Catalina resolutely put the horror of those days behind her, and for several months was as energetic a woman of business as her mother had been. She was mistress of a great tract of land, of herself, her time, her future. When her stoical grief for her mother subsided she found life interesting and stimulating. She rode about the ranch in the morning, or conferred with her lawyer, who drove out once a week; the afternoons she spent in the great court of the old house, with its stone fountain built by the ancestors who had learned their craft from the mission fathers, its palms and banana-trees, its old hollyhocks and roses. Here she read or dreamed vaguely of the future. What she wanted of life beyond this dreaming Southern land, where only an earthquake broke the monotony, was as vague of outline as her mountains under their blue mists, but its secrets were a constant and delightful well of perplexity. For two years she was contented, and at times, when galloping down to the sea in the early dawn, the old moon, bony and yellow, sinking to its grave in the darkest canyon of the mountain, and the red sun leaping from the sea, she was supremely happy.
Then, in a night, discontent settled upon her. She wanted change, variety; she wanted to see the world—Europe above all things; and when her Eastern relatives, with whom she corresponded, in obedience to a last request of her father, again pressed her to visit them, and mentioned that they were contemplating a trip abroad, she started on three hours’ notice, leaving the ranch in charge of a trusted overseer and the executors of her mother’s will.
She found her relatives living in a suburb of New York, their social position very different from that her mother had given her in California. Nothing saved them from the narrow routine of the suburban middle class but the intellectual proclivities of Mr. Moulton, who was reader for a publishing house and the literary adviser of the pseudo-intellectual. Through the constant association of his name with moral and non-sensational fiction, his well-balanced attitude of piety tinctured by humor, the pleasant style with which he indited irreproachable and elevated platitudes, his stern and invariable denunciation of the unorthodox in religion, in ideas, and in style, and his genially didactic habit of telling his readers what they wished to hear, he had achieved the rank of a great critic. As he really was an estimable man and virtuous husband, of agreeable manners, sufficiently hospitable, and extremely careful in choosing his friends, his position in the literary world was quite enviable. The great and the safe took tea on his lawn, and if the great and unsafe laughed at both the tea and the critic that was the final seal of their unregeneracy.

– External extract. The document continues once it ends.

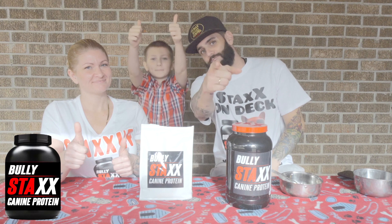That's really good. We're going to start using it today and we're going to show you how to mix it as well as feed it to the dogs. Shout out to our sponsors over at Bully Stacks.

When Catalina arrived, after lingering for a fortnight in Boston with a friend she had made on the train, she liked him at once, unjustly despised Mrs. Moulton, who was the best of wives and copied her husband’s manuscripts, hated Jane, and recognized in Lydia a human being in whom one could find a reasonable amount of companionship, in spite of the magnetism of the mirror—or even the polished surface of a panel—for her complacent eyes. Lydia was innocently vain, and, being the beauty of the family, believed herself to be very beautiful indeed. She always made a smart appearance, and was frankly desirous of admiration. Like many family beauties, she had a strong will and was reasonably clever. When the first opportunity to go to Europe arrived she had reached what she called a critical point in her life. She confided to Catalina that she was becoming morbidly tired of mere existence and hated the sight of every literary man she knew, particularly the young ones.
“Of course, they are more or less the respectable hangers-on that give us the benefit of their society,” she said, gloomily. “Those that scurry about writing little stories for the magazines and weekly papers—it seems to me a real man might find something better to do. We know all the big ones, but they are too busy to come out here often, and father sees them at the Century and Authors’ clubs, anyhow. We hardly know a man who isn’t a publisher, an editor, or a writer of something or other—perhaps an occasional artist. For my part, I’d give my immortal soul to be one of those lucky girls that go to Mrs. Astor’s parties; that’s my idea of life. If a millionaire would only fall in love with me—or any old romance, for that matter!”
“Have you never been in love?” asked Catalina, afraid of the sound of her own voice but deeply interested.
“Not the least little bit, more is the pity. I wouldn’t mind even being heart-broken for a while.”
It was this frankness that endeared her to Catalina. “Jane is third rate, and tries to conceal the fact from herself and others by an affectation of such of the literary galaxy as make the least appeal to the popular taste, and cousin Lyman is no critic,” she informed herself three days after her arrival. “Cousin Miranda is just one of those American women who are invalids for no reason but because they want to be, and I suppose even Lydia would get on my nerves in time. Thank Heaven, when they do I can leave at a moment’s notice.”
After four months of the friction of travel, Catalina had half hoped her relatives would reject her startling proposal and abandon her to a future full of dangers and freedom.